In “Citizenville,” he was clear-eyed about the obstacles. “Because of the vast network of rules, regulations and laws that apply to virtually everything in government services, people aren’t sure what they’re allowed to do, much less what they’re supposed to do. Then you get IT department people who are paranoid about introducing anything new,” he wrote. “Resisting new technology is the government’s default position.”
Given that kind of clear understanding of California’s state IT issues and obstacles, plus his overall knowledge of the technology bounty available in Silicon Valley and elsewhere in the Golden State, why the continuing shipwreck on Governor Newsom’s watch after almost five years in office?
According to the auditor’s report, “State law and policy give the California Department of Technology (CDT) responsibility for and broad authority over nearly all aspects of IT in state government.” Specifically, CDT must produce an annual IT strategic plan to guide the State’s acquisition, management, and use of IT. In addition, state law requires CDT to issue and maintain policies governing the State’s information security and gives CDT the authority to conduct independent security assessments of every state agency. Finally, CDT is responsible for providing oversight of the State’s IT projects.”
And while CDT has the authority to suspend or terminate problematic projects, the auditor points out that this authority has not been exercised by CDT since 2016, while a hundred or more state IT projects are approved each year. In addition, CDT’s requirement to perform independent security assessments of all state agencies will not be completed until 2030, according to the report.
Why has this been allowed to happen over and over again for more than a quarter century at least?
Unexpectedly, during one brief shining moment during the Schwarzenegger administration beginning in 2003, he directed a total reorganization of the state’s clumsy IT group into a consolidated, cabinet agency secretariat, and appointed former Ford executive and Michigan CIO Teri Takai its first director. Over the next several years Takai orchestrated a remarkable IT renaissance for the new California Technology Agency, with clear authority and a peer-to-peer relationship among other agency cabinet secretaries and the new CIO.

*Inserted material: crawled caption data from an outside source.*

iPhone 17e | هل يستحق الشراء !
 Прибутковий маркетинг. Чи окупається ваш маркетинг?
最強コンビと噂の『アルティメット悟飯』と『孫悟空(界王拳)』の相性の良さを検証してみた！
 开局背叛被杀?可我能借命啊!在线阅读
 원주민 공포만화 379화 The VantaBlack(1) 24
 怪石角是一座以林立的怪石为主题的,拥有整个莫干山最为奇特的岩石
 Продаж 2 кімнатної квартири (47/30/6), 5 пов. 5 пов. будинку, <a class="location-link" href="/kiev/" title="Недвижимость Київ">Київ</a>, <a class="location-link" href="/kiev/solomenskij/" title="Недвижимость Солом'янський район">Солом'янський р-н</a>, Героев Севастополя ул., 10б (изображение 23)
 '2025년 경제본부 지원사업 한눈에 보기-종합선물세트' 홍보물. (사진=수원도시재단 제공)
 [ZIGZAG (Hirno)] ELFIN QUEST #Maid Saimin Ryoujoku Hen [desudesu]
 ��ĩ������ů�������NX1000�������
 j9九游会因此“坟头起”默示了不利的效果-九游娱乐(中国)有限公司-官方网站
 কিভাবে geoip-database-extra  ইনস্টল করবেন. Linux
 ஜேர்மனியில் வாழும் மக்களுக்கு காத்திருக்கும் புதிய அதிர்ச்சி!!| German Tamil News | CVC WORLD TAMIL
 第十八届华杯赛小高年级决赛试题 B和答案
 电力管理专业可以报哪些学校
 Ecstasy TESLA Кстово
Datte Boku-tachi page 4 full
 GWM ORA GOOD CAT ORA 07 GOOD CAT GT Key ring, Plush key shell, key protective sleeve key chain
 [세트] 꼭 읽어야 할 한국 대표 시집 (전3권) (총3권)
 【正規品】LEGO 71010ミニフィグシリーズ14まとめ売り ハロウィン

In my new book for publication later this year and co-written with former state legislator, Lloyd Levin, entitled “Why Can’t California Do IT?”, I explain the reason for this success.
I maintain that there are two key factors needed for states and other governmental bodies to achieve IT success. First is for the governor and state legislature to empower the state CIO and vest the office with the authority, responsibility, resources, and support to get the job done. This determination is demonstrated through a strong CIO governance model exemplified by statutorily vesting in the CIO the enterprise IT authority for policy AND operations, and overall IT budget and oversight jurisdiction, along with the unquestionable and visible support from the governor, including most significantly cabinet status for the state CIO.
Second, in addition to the importance of an empowered CIO, for IT implementation to truly succeed, the state, or any governmental entity needs active and engaged executive program leadership in all the other secretariats.
The career state employees the governor has appointed state CIO the last few years are good people, but the new state CIO should be from outside government.
It’s something Governor Newson should do, and should have done five years ago.